The dish

Breakfast at Tiffany’s & Fludd.

My list of sleeper prospects for all 30 teams went up this morning for Insiders.

Truman Capote’s Breakfast at Tiffany’s is a novella-length character study of the iconic Holly Golightly, the chameleonic protagonist whose ability to reinvent herself and manipulate people to her own benefit charms the milquetoast narrator.

Holly is a very young, independent-minded woman who takes a flat in a Manhattan brownstone where the unnamed narrator, dubbed “Fred” by Holly, also lives. She fascinates him through her force of will, her expectation that people will jump to meet her every whim (they often do), and through how men just fall hopelessly for her like dominoes in a line. (Fred’s affection for Holly always seems to be of the arm’s-length variety, and I thought the character, like Capote, was gay.) Her anchorless life hits a snag when a piece of her old life shows up out of the blue to try to drag her out of her high-society ways to a backwoods existence she never wanted in the first place.

Capote was a prose master, with Norman Mailer issuing the oft-repeated statement that he “would not have changed two words in” this story, but the line that caught my eye was because it reminded me of a television program:

…I noticed a taxi stop across the street to let out a girl who ran up the steps of the Forty-second Street Public Library. She was through the doors before I recognized her, which was pardonable, for Holly and libraries were not an easy association to make. I let curiosity guide me between the lions…

I’ve tried to find out of the makers of the children’s show Between the Lions took their name from the book, but have had no success. Naming a show about literacy after a phrase from an American literary giant seems fitting, though.

Breakfast at Tiffany’s is usually sold along with three Capote short stories: “House of Flowers,” “A Diamond Guitar,” and “A Christmas Memory.” The first two are ordinary, the first about a prostitute in Haiti who finds an escape to what might be a better life, the latter about two unlikely friends at a southern prison camp (one of whom is named Tico Feo, which means “ugly Costa Rican.”) The third story is a marvel, a peer to F. Scott Fitzgerald’s canon of short stories, a sweet but wholly unsentimental tale about the friendship between a young boy and an cousin in her 60s, and how the two would make and sell fruitcakes every Christmas season. We often praise players who recognize their skill sets and their limitations by saying that they “don’t try to do too much.” In “A Christmas Story,” Capote didn’t try to do too much. He lets the story do it for him.

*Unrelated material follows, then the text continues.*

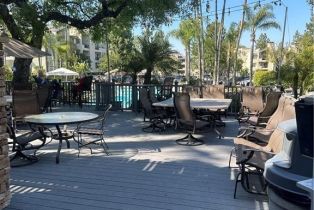 Condominium, 5500 Owensmouth ave, Woodland Hills, CA 91367 - 2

Hilary Mantel’s Fludd is a strange piece of fiction, a short novel about a curate assigned to a small, backwards English town where Catholicism is practiced by means of superstition rather than faith and the priest has lost his own belief and probably his marbles as well. The curate, however, isn’t what he at first seems to be, and as the novel goes along one of the nuns emerges as the real central character despite being little more than a stock extra for the first half of the book. That character, Philomena, turns out to be the only character with any depth of anyone who populates these pages – even Fludd, the possibly-supernatural being named after a long-dead alchemist and mystic, is barely revealed, with nothing on his motives or actual thoughts – and her decision between life in the convent (which was chosen for her by her deranged mother) and the fearful world outside of it is the only major event in the entire book. There’s an anti-Catholic undertone to the book, which may bother some readers, and a subplot around idolatry and statues that went right over my head.

Next up: Hugh Laurie – yes, that one, House, Wooster, Jools, and so on – wrote a comic novel in 1996 called The Gun Seller. I have incredibly high expectations for this one.